- _Assigned task_: Transcribe the data below verbatim from the line with "美国黑人留学生娶四川单亲妈妈，还打六份工，养妻子前男友的父母" to the line with "Вже 10 років". Include both of those lines.

- _Records shown_:
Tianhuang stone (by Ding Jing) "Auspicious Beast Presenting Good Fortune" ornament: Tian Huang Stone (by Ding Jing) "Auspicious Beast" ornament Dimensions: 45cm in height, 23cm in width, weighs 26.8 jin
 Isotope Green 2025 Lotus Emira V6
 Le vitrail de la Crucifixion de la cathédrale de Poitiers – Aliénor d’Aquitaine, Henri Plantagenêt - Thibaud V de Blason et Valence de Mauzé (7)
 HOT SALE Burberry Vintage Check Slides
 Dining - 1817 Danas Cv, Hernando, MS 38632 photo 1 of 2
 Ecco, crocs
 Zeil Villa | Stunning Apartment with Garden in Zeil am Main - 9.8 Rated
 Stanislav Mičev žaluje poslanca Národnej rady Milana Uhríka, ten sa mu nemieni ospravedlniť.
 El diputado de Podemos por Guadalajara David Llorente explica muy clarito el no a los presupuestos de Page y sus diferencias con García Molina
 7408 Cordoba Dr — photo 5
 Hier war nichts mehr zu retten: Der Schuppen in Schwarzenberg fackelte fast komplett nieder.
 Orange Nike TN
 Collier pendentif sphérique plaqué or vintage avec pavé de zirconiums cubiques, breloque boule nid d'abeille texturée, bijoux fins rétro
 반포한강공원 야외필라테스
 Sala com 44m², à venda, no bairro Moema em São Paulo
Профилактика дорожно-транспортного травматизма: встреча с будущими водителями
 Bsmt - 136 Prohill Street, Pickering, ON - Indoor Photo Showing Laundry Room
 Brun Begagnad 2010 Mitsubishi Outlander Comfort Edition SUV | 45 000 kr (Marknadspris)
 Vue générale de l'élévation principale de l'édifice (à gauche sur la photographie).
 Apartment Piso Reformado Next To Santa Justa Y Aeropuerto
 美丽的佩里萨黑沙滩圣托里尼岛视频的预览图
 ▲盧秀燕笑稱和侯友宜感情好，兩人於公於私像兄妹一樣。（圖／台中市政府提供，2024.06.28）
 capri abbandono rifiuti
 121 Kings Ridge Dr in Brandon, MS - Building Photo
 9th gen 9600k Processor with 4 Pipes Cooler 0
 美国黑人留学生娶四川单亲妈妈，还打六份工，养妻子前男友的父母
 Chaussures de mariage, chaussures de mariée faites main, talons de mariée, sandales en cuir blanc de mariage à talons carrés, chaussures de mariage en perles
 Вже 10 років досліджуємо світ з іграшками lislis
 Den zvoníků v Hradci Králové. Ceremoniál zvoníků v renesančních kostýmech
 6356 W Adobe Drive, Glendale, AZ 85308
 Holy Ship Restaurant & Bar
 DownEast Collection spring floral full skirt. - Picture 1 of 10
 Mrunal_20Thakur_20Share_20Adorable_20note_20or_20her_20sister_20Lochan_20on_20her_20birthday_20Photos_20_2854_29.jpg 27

- _Result of the exercise_:
 美国黑人留学生娶四川单亲妈妈，还打六份工，养妻子前男友的父母
 Chaussures de mariage, chaussures de mariée faites main, talons de mariée, sandales en cuir blanc de mariage à talons carrés, chaussures de mariage en perles
 Вже 10 років досліджуємо світ з іграшками lislis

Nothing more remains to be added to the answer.